City pitches plan to Government for accelerated stage two which it claims is £2bn cheaper and provides Yorkshire link seven years faster than existing design.

The City of Stoke presented a new HS2 western leg route to Government this morning which it said would cut £2bn off the price and could be built seven years faster than existing proposals.

The new plan would also meet Deighton Review criteria to be of economic benefit for the region and create better city connections across the north the council said.

“The HS2 agenda has changed but the engineers have not changed the route to meet the new economic agenda,” Stoke Council’s executive director of Place John Betty.

Stoke’s claims are based on comparisons with current HS2 accelerated plans to take the new railway as far as Crewe by 2026 and then on Network Rail lines to Manchester in 1 hour 34 minutes at a cost of £5.4bn. The council said its plan to take the route via Stoke’s city centre station would allow HS2 trains to provide a direct 1hour 20 minute service to Manchester by 2026 at a cost of £3.4bn.

The Crewe scheme requires demolition and relocation of the station and junction rebuilding work on the West Coast Main Line whereas going via Crewe junctions “already face in the right direction” and the broad rail corridor to the city would allow HS2 to be built largely off line. 80% of the route could be built through urban brownfield corridor adjacent to existing railway.

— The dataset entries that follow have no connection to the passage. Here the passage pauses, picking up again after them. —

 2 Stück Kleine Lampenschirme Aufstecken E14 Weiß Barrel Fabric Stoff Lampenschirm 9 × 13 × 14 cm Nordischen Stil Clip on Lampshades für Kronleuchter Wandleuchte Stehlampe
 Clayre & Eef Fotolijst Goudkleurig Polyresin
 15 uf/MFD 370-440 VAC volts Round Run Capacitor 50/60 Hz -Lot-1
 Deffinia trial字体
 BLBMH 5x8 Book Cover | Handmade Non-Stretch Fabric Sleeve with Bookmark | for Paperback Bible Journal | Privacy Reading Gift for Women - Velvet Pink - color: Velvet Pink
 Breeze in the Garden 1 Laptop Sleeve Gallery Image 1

Crucially, the council believes, the Stoke option would allow a link to West Yorkshire and Leeds via Stockport, also by 2026, seven years ahead of current plans.

In terms of economic benefit “only the Stoke route pulls together a Manchester and Midlands "super charged economic growth corridor"  by placing a major urban area at its heart and creates east-west linkages across Englands’s Greater North. 

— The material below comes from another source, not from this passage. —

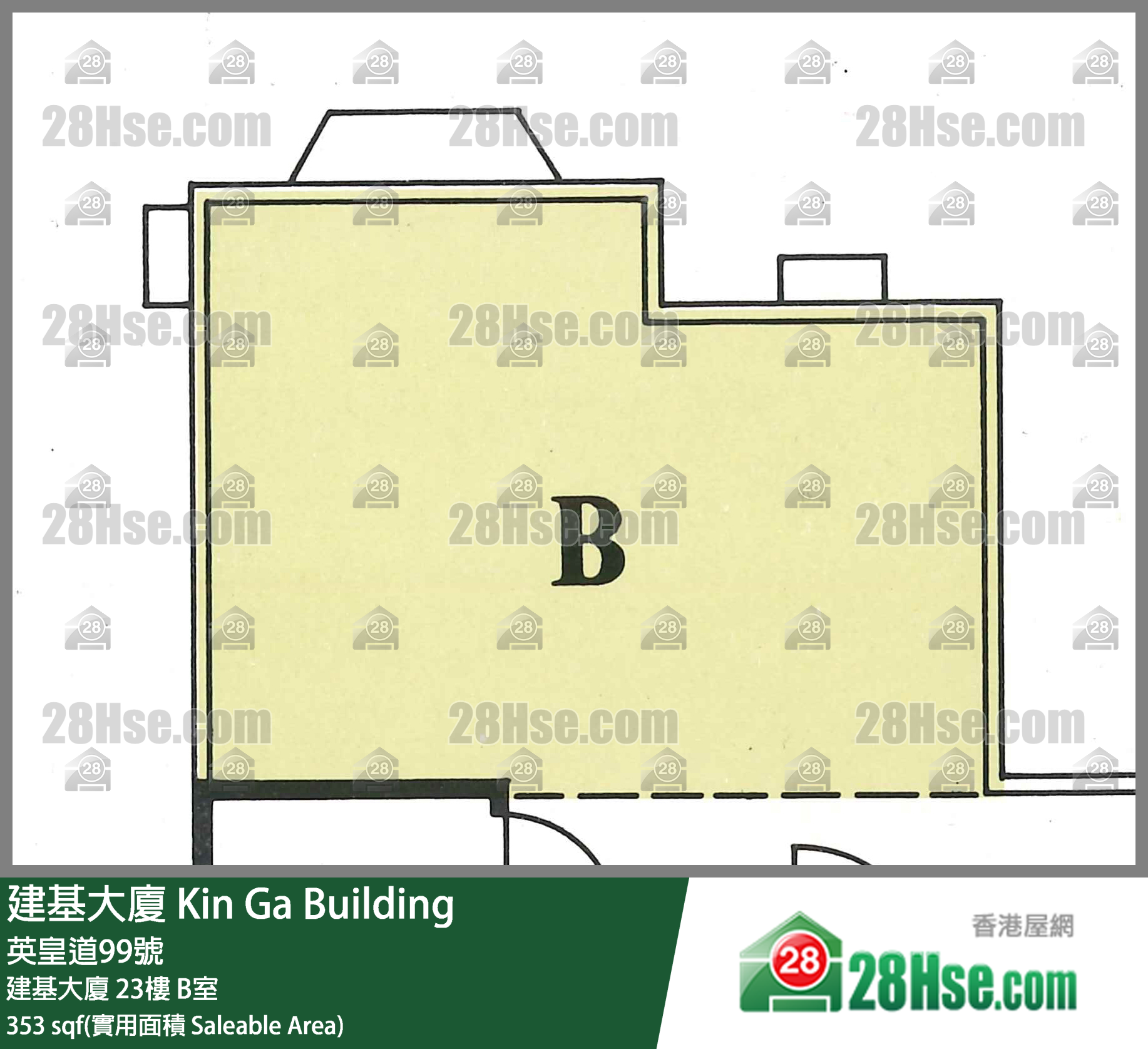 建基大厦 建基大厦23楼 B室 平面图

It also adds the 470,000 people of ‘Greater Stoke’ to the HS2 business case, a population seven times that of Crewe’s 70,000. However the Stoke route does not bypass Crewe but includes it in the plans

Cost comparisons for a full high speed route to Manchester in 2033 are £7.1bn via Stoke and £8.4bn via Crewe, according to the council report.

The Stoke case does have a political one. Neighbouring Staffordshire County Council is currently opposed to HS2.